What's Behind a Surge in Stingray Attacks?
Lifeguards would have been surprised to treat more than 40 injuries in one day, so when they treated over 70, they were shocked.
Stingrays love warm water. One thing they hate? The sudden presence of human feet.
The combination recently left a record number of beachgoers at Huntington Beach, just south of Los Angeles, with stingray injuries—at least 73 people were treated last Friday.
Lt. Claude Panis from the beach's marine safety unit believes even more victims chose to self-treat injuries at home.
Stingrays can cause highly painful injuries, but in most cases, pain is the biggest symptom. In addition to the puncture wound caused by the stinger, the ray's toxins cause intense pain around the wound. Very rarely, victims can have an allergic reaction to the stinger, and only a handful of people die from them every few years.
To treat wounds, lifeguards soak feet (the most common place to be struck) in hot water, which breaks down enzymes in the toxin.

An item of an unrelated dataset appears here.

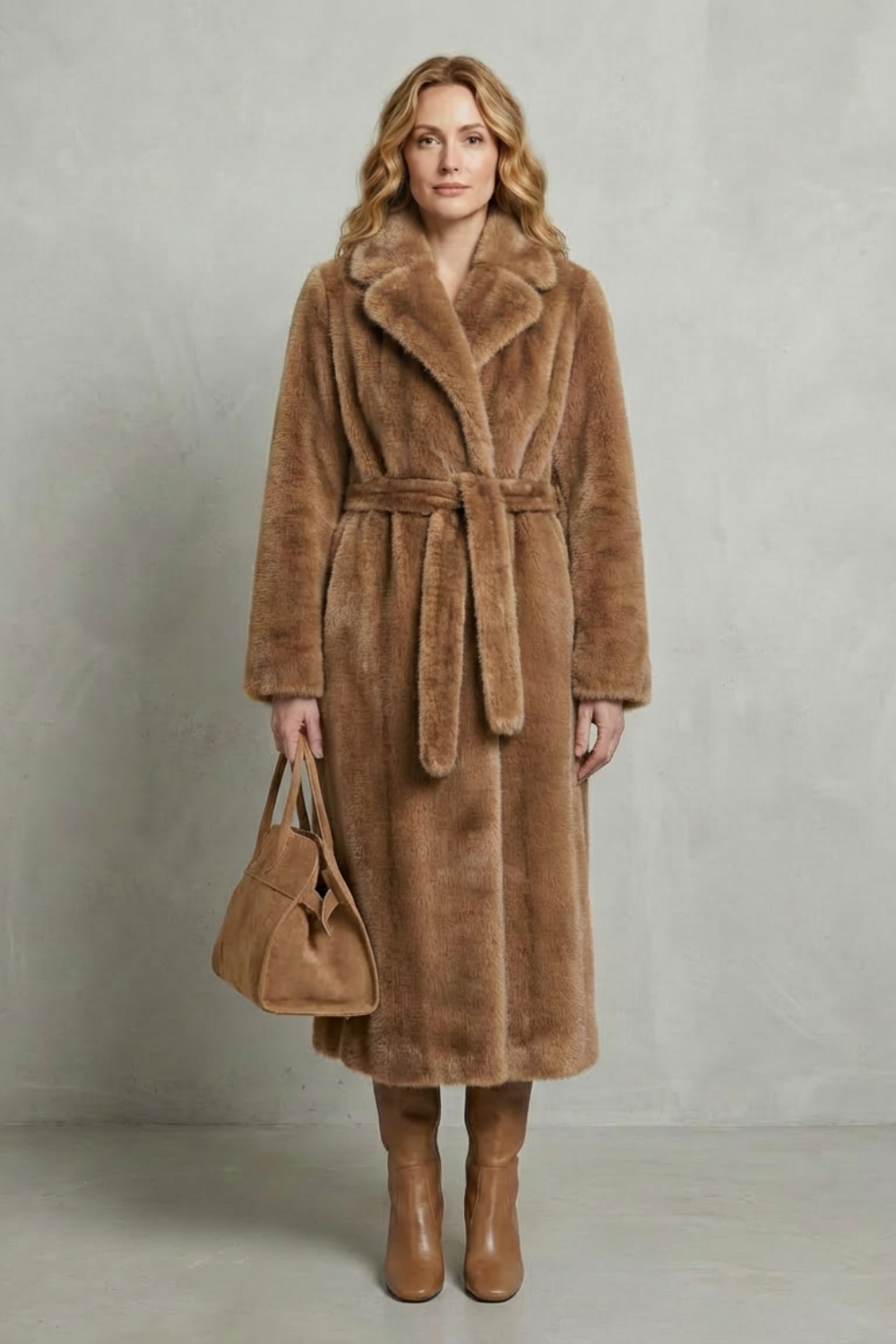 Alice | Wrap Faux Fur Maxi Coat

"I’ve never seen that many in a day," said Panis, who has worked at the beach for four decades. "I had never seen 45 in a day. To see 73 stingrays was so unusual."
Altogether, it was a dangerous weekend to be a tourist at the southern California beach. On Wednesday the beach team treated 38 injuries, then 45 on Thursday, and on Saturday another 38.
"We’ve had an increase in the last two years," says Panis. "The stingrays have exploded on our beach."
How Stingrays Strike
Panis describes a perfect storm of conditions that led to the high number of injuries seen last weekend.
With the upcoming New Year's holiday, more people visited the beach, and thanks to unseasonably warm weather there, more peopled headed into the water. An especially low tide also pulled people to venture farther into the ocean.
Just like people, stingrays also prefer warmer weather. During winter months, they typically venture away from the shore in search of warmer patches, but Friday's warm ocean water drew them to the shoreline.
For people brave enough to venture out into the water, lifeguards recommended a technique called the "stingray shuffle" that entails dragging one's feet along the sand to scare the fish away. Stingrays are skittish and only strike when surprised or stepped on.
"I think the stingray shuffle is pretty effective," says Panis. "But people have shuffled right into a stingray. Everyone from an experienced surfer to a first timer wading out to the beach [have been stung]. The stingrays don’t discriminate."
Changing Beaches
The 73 injuries reported last Friday set a record for the number of stingray injuries recorded in a single day at the beach, but it isn't the first time the problem has appeared.
In August of last year, California's Newport Beach saw 127 stingray injuries over a month's time, compared to only 20 recorded at the same time during the previous year. A month later, Huntington Beach reported 33 in a three-day period—uncharacteristically high for a fall month.
Speculation that stingray populations have been increasing were reported in 2014 and 2012.
Growing Populations?
For some time, lifeguards have been reporting more sightings of stingrays off the Southern California coast, but hard data on the animals' populations are scarce.
The International Union for the Conservation of Nature, which tracks the status of species, cites research from 2007 to conclude that southern California populations of round stingray (the most common species) are stable.
"Unfortunately, we don’t have any new information on them," said Chris Lowe, the director for the California State University Long Beach Shark Lab and a lead researcher on stingray populations in the region.
However, scientists do know that alterations to California's coastline and a historic drop in predators like sharks helped stingray populations grow over the past 50 years.
In the past 15 years or so, white sharks—one of the ray's most active predators—have been increasing, but stingray populations don't seem to have decreased.
And then there's the Pacific—it's warming waters to be exact. The eastern portion of the vast ocean saw record warming from 2014 to 2016, often referred to as a "blob" that had disastrous environmental consequences.
According to Nicholas Bond, a research meteorologist at the University of Washington, southern California is experiencing warmer than average coastal waters this year.
"From my perspective the recent warmth is not so much due to a marine heat wave such as the infamous "blob" of 2014-16, but rather a sign of the continued warming of the Earth's oceans," he says. "This warming in any particular place is occurring in fits and starts; when considering the globe as a whole, and the entire water column, the trend is steadily up, and accelerating."
How much this regular warming impacts stingrays remains to be seen.
"[I] can’t say for sure that it is climate change related, but these odd changes in patterns are starting to point in that direction," says Lowe.